ELMoE-3D: Leveraging Intrinsic Elasticity of MoE for Hybrid-Bonding-Enabled Self-Speculative Decoding in On-Premises Serving

Mixture-of-Experts (MoE) models have become the dominant architecture for large-scale language models, yet on-premises serving remains fundamentally memory-bound as batching turns sparse per-token compute into dense memory activation. Memory-centric architectures (PIM, NMP) improve bandwidth but leave compute underutilized under MoE's low arithmetic intensity at high batch sizes. Speculative decoding (SD) trades idle compute for fewer target invocations, yet verification must load experts even for rejected tokens, severely limiting its benefit in MoE especially at low batch sizes. We propose ELMoE-3D, a hybrid-bonding (HB)-based HW-SW co-designed framework that unifies cache-based acceleration and speculative decoding to offer overall speedup across batch sizes. We identify two intrinsic elasticity axes of MoE-expert and bit-and jointly scale them to construct Elastic Self-Speculative Decoding (Elastic-SD), which serves as both an expert cache and a strongly aligned self-draft model accelerated by high HB bandwidth. Our LSB-augmented bit-sliced architecture exploits inherent redundancy in bit-slice representations to natively support bit-nested execution. On our 3D-stacked hardware, ELMoE-3D achieves an average $6.6\times$ speedup and $4.4\times$ energy efficiency gain over naive MoE serving on xPU across batch sizes 1-16, and delivers $2.2\times$ speedup and $1.4\times$ energy efficiency gain over the best-performing prior accelerator baseline.

翻译：混合专家（MoE）模型已成为大规模语言模型的主流架构，然而在本地部署中，由于批处理将稀疏的每令牌计算转化为密集的内存激活，系统本质上面临内存瓶颈。以内存为中心的计算架构（PIM、NMP）虽能提升带宽，但在高批处理量下，MoE模型低计算强度导致计算资源利用率不足。

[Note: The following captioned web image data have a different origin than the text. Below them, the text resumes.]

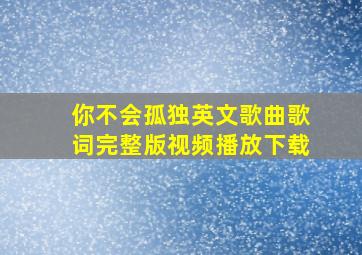 你不会孤独英文歌曲歌词完整版视频播放下载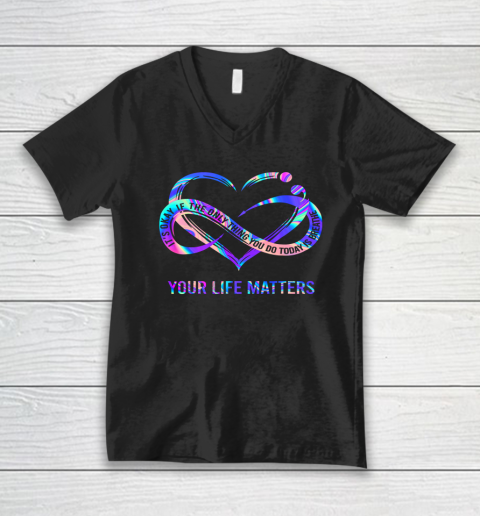 Your Life Matters Shirt Suicide Prevention Awareness V-Neck T-Shirt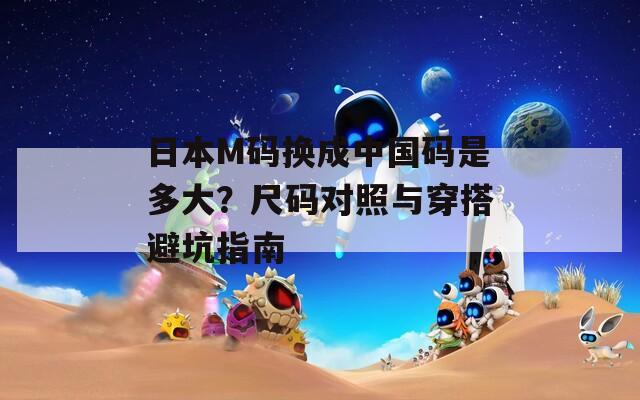 日本M码换成中国码是多大？尺码对照与穿搭避坑指南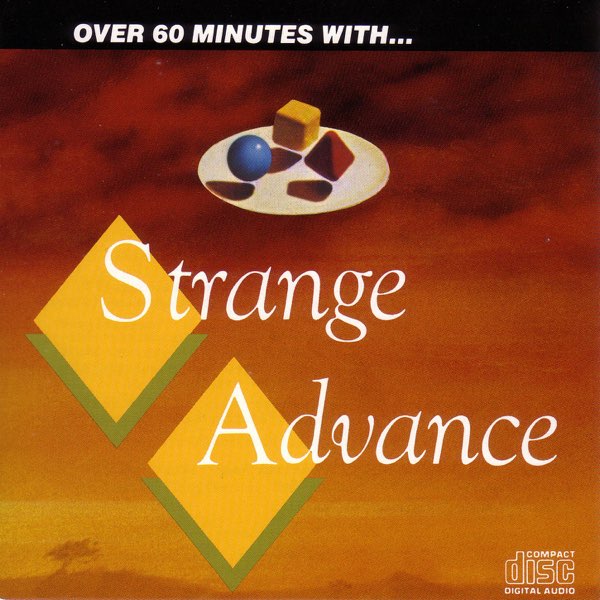STRANGE ADVANCE - OVER 60 MINUTES WITH - Used CD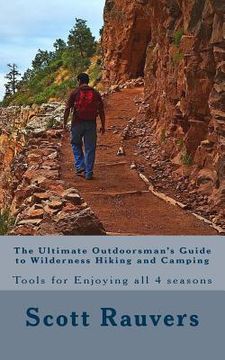 portada The Ultimate Outdoorsman's Guide to Wilderness Hiking and Camping: Tools for Enjoying and Exploring all 4 seasons (in English)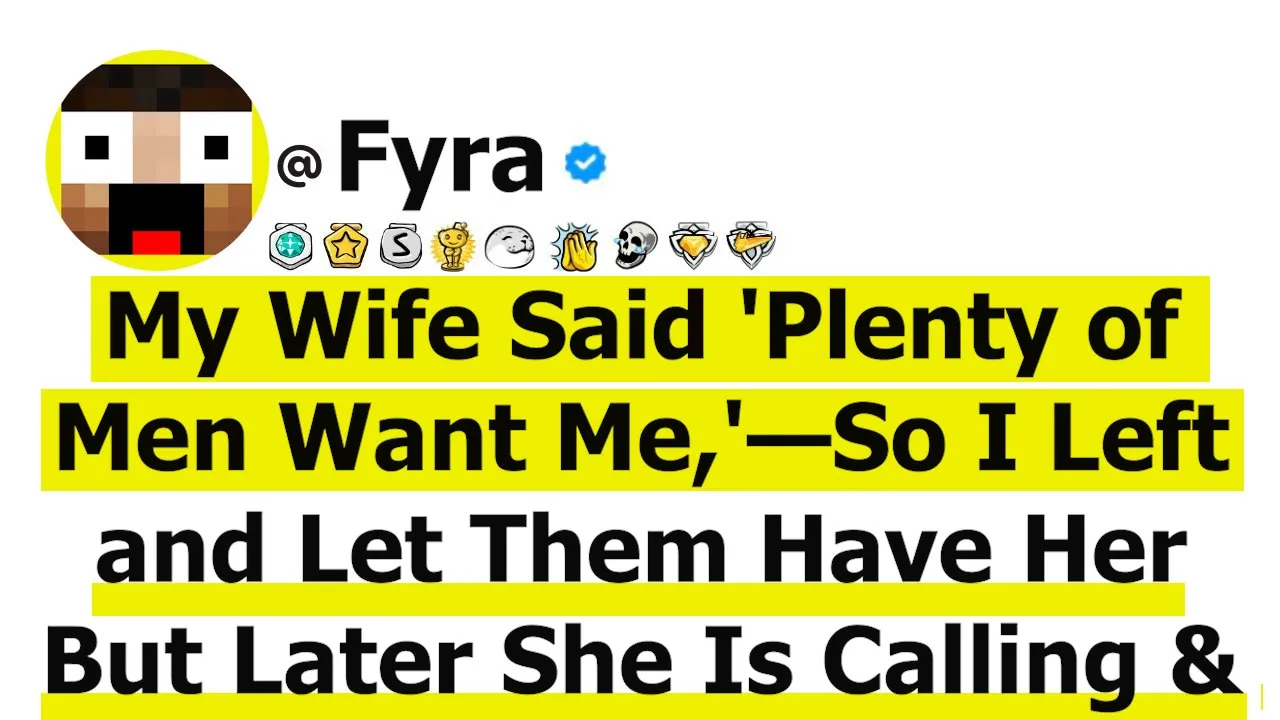 Outline Video Wife Said 'Plenty of Men Want Me'—So I Left & Let Them Have Her But Later She Is Calling & Begging..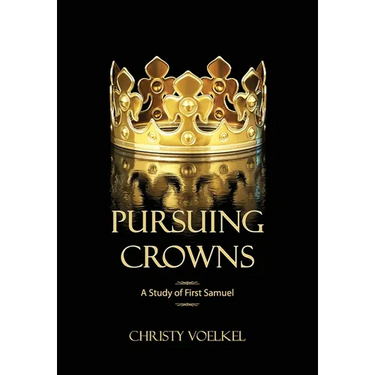Pursuing Crowns: A Study of First Samuel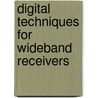 Digital Techniques For Wideband Receivers door James Tsui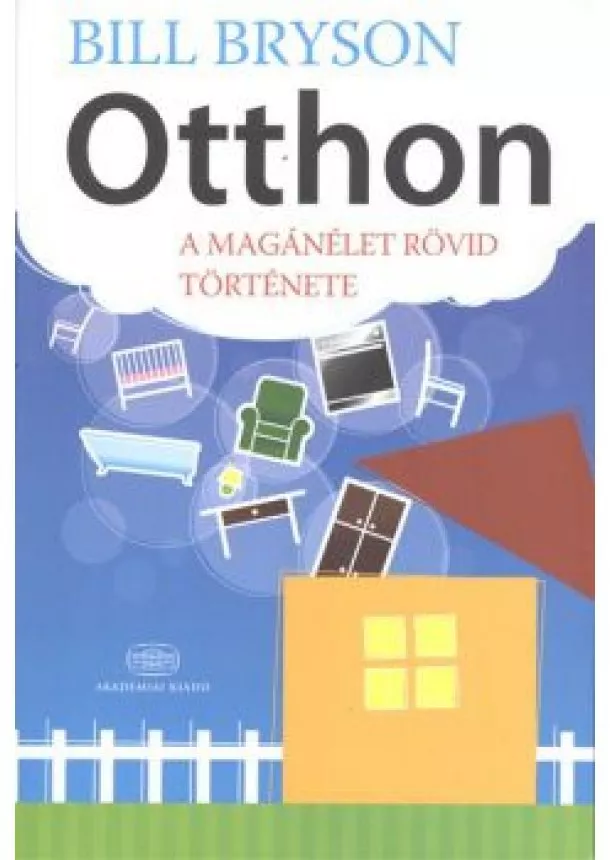 Bill Bryson - Otthon /A magánélet rövid története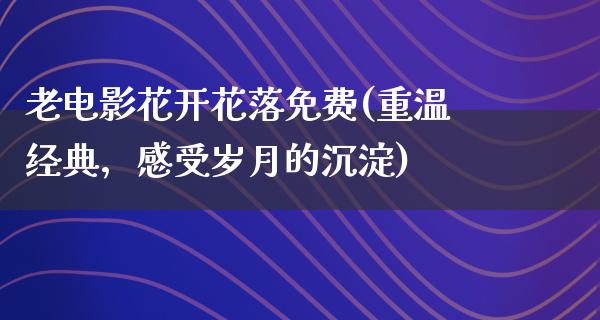 老电影花开花落免费(重温经典，感受岁月的沉淀)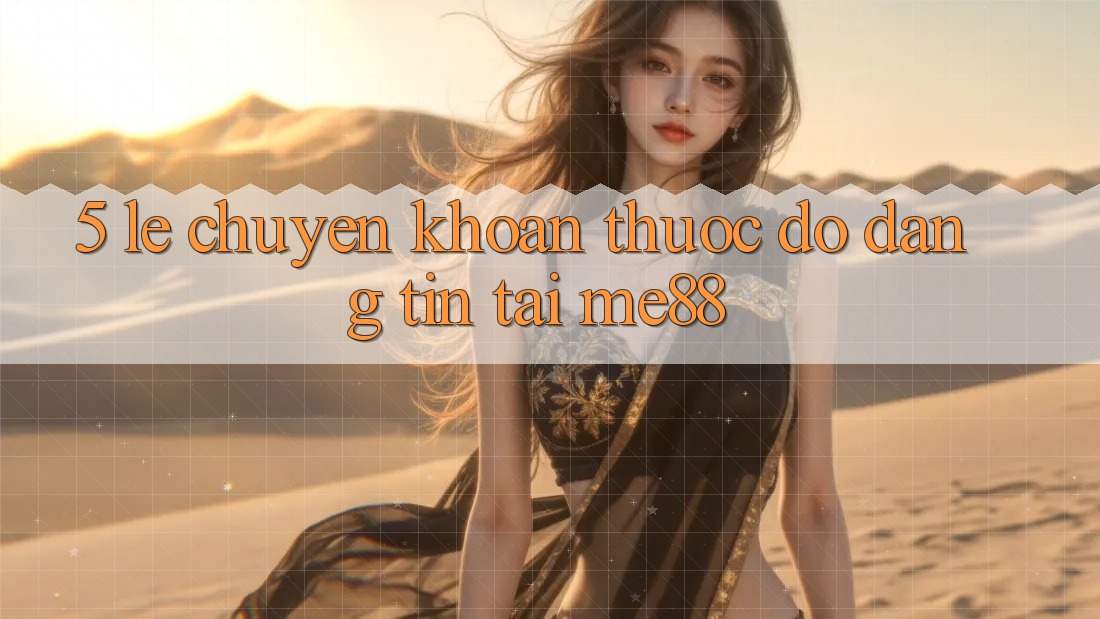 5. Lẹ Chuyển khoản - Thước Đo Đáng tin Tại me88 5. Lẹ Chuyển khoản - Thước Đo Đáng tin Tại me88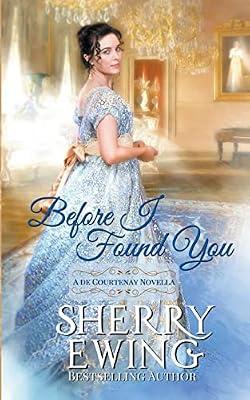 Before I Found You: A Regency Romance: 3 (A de Courtenay Novella) by Ewing, Sherry | Paperback | Historical Romance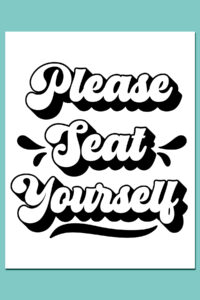 Bathroom sign featuring the phrase 'Please Seat Yourself' in bold, playful black script with shadow effects and decorative splashes. The design is set against a white background with a teal border, creating a cheerful and inviting look.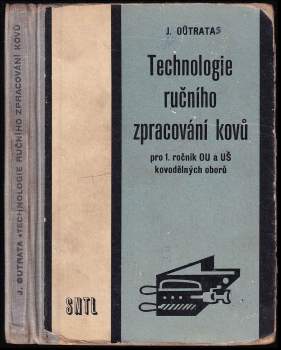 Technologie ručního zpracování kovů pro 1. ročník kovodělných oborů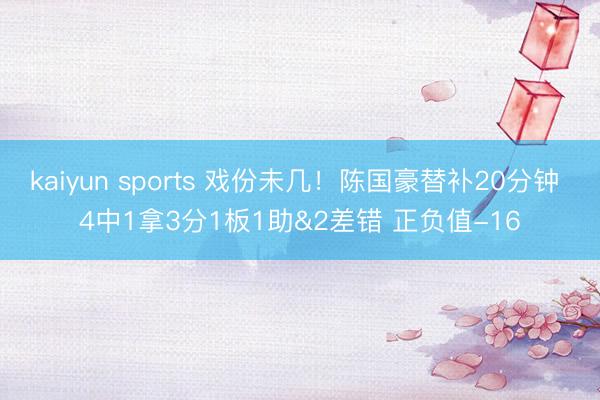 kaiyun sports 戏份未几！陈国豪替补20分钟 4中1拿3分1板1助&2差错 正负值-16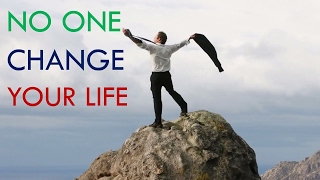 No One Change your LIFE -- motivational video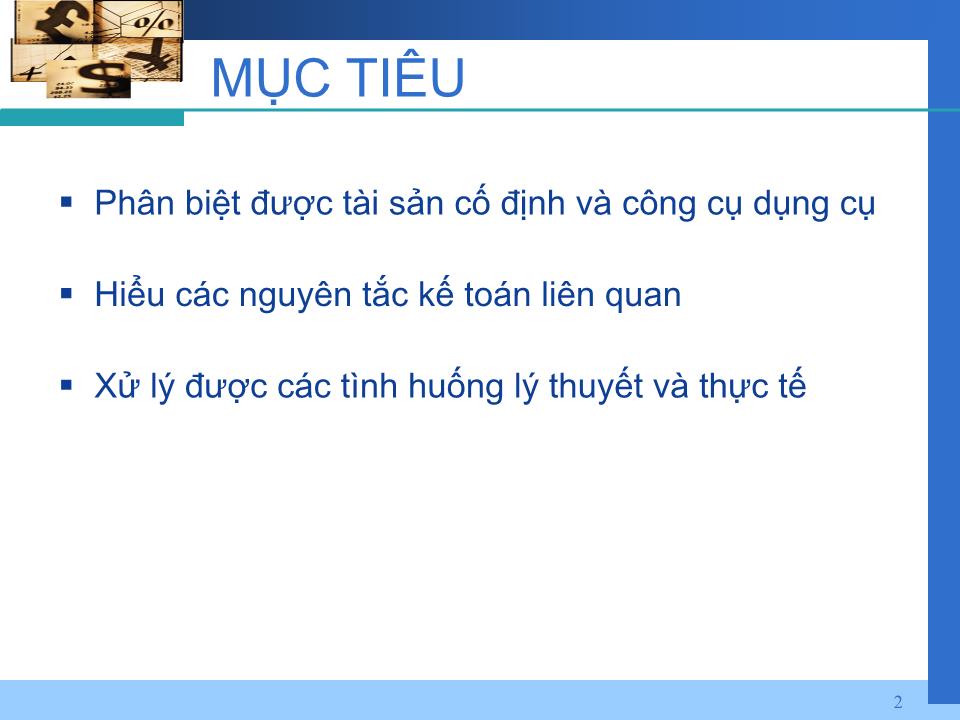 Bài giảng Nghiệp vụ ngân hàng thương mại - Chương 5: Kế toán tài sản cố định – Công cụ dụng cụ trang 2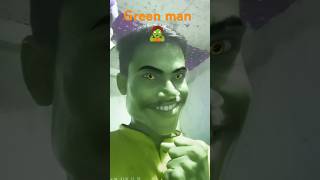 Green man 👍🧟😱greenman youtubeshorts shortvideos [upl. by Anekam]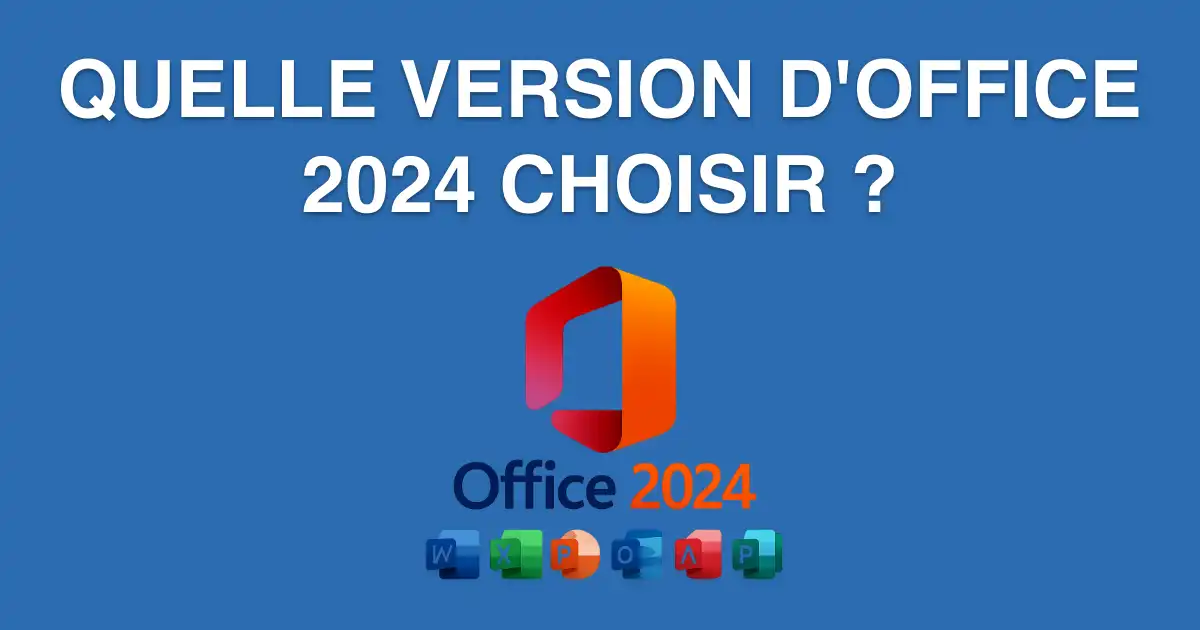 Quelle version office 2024 choisir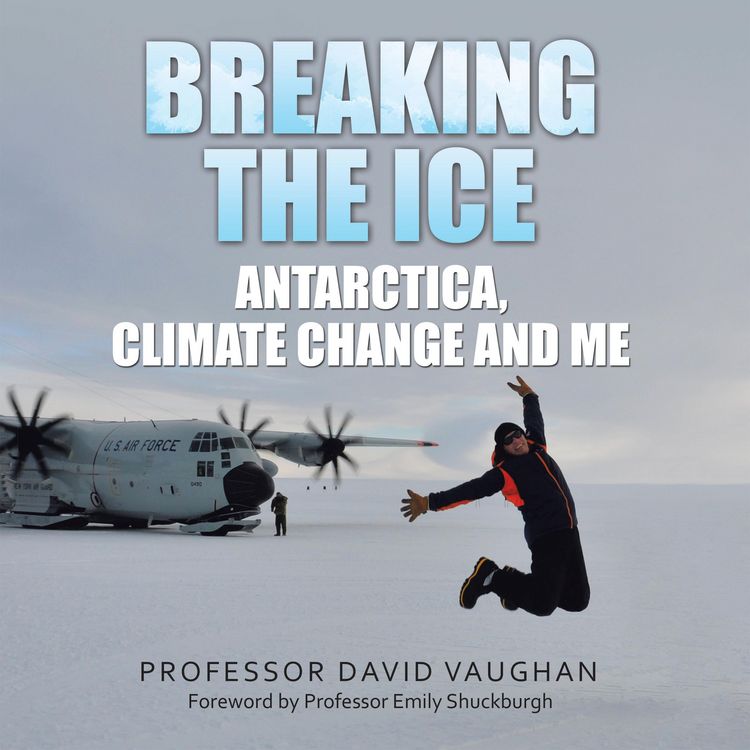 Produktbild: Breaking the Ice: Antarctica, climate change and me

推测解码（SD）通过利用空闲计算资源减少目标模型调用次数，但其验证阶段仍需加载被拒绝令牌对应的专家权重，严重限制了该方法在MoE模型中的效率提升，尤其在低批处理量场景下更为明显。我们提出ELMoE-3D——一种基于混合键合（HB）的软硬件协同设计框架，通过统一缓存加速与推测解码，实现跨批处理量的整体加速。我们识别出MoE模型的两个内在弹性维度——专家粒度与比特粒度，通过联合缩放二者构建弹性自推测解码（Elastic-SD），该机制兼具专家缓存与强对齐自草稿模型功能，并由高HB带宽加速。本文提出的基于最低有效位（LSB）增强的比特切片架构，利用比特切片表示中的固有冗余特性，原生支持比特嵌套执行。在3D堆叠硬件上，ELMoE-3D在1-16的批处理量范围内，相较于基于XPU的朴素MoE部署实现平均6.6倍加速比与4.4倍能效提升，相较于现有最佳加速器基线方案实现2.2倍加速比与1.4倍能效提升。